WORK TO COMPLETE: Beginning at the top of the data below, write out every line exactly until you reach the line with "Photo 4 of Unit", and include that line.

*** Opening PROVIDED DATA ***

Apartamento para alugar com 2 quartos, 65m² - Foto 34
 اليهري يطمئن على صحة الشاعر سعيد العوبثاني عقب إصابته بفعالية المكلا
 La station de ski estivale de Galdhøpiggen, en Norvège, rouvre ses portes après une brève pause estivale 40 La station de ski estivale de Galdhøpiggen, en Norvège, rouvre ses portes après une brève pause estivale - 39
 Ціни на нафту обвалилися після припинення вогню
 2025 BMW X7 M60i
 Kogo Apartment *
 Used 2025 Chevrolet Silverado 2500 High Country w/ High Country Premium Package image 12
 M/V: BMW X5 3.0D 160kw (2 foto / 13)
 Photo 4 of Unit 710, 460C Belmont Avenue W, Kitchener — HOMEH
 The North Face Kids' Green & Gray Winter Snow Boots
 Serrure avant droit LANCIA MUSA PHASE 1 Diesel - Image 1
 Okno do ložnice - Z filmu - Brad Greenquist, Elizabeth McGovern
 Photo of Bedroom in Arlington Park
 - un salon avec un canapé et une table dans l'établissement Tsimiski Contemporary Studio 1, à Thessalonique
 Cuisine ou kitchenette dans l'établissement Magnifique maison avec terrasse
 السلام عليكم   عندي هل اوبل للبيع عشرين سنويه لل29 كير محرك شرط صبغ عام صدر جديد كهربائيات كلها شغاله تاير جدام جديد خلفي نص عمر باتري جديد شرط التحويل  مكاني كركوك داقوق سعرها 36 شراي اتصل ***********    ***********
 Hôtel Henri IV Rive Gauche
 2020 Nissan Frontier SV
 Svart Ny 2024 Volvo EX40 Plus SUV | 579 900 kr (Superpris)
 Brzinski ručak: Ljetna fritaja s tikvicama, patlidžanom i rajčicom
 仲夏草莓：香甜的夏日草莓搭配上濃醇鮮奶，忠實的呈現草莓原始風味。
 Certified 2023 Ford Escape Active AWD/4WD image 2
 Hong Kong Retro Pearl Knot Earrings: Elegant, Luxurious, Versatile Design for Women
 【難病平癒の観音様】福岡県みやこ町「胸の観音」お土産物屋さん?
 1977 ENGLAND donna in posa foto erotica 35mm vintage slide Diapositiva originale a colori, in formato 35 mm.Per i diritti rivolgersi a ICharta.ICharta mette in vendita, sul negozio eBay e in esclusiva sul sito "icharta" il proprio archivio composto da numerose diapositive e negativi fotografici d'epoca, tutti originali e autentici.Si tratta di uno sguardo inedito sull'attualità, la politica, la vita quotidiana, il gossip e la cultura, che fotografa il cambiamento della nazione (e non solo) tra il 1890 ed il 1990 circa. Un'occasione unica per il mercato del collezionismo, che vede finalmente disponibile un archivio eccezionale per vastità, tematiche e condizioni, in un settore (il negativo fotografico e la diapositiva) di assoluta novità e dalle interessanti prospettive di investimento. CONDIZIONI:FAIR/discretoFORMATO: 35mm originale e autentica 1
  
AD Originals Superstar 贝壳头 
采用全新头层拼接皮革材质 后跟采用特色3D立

*** Closing PROVIDED DATA ***

RESULT:
Apartamento para alugar com 2 quartos, 65m² - Foto 34
 اليهري يطمئن على صحة الشاعر سعيد العوبثاني عقب إصابته بفعالية المكلا
 La station de ski estivale de Galdhøpiggen, en Norvège, rouvre ses portes après une brève pause estivale 40 La station de ski estivale de Galdhøpiggen, en Norvège, rouvre ses portes après une brève pause estivale - 39
 Ціни на нафту обвалилися після припинення вогню
 2025 BMW X7 M60i
 Kogo Apartment *
 Used 2025 Chevrolet Silverado 2500 High Country w/ High Country Premium Package image 12
 M/V: BMW X5 3.0D 160kw (2 foto / 13)
 Photo 4 of Unit 710, 460C Belmont Avenue W, Kitchener — HOMEH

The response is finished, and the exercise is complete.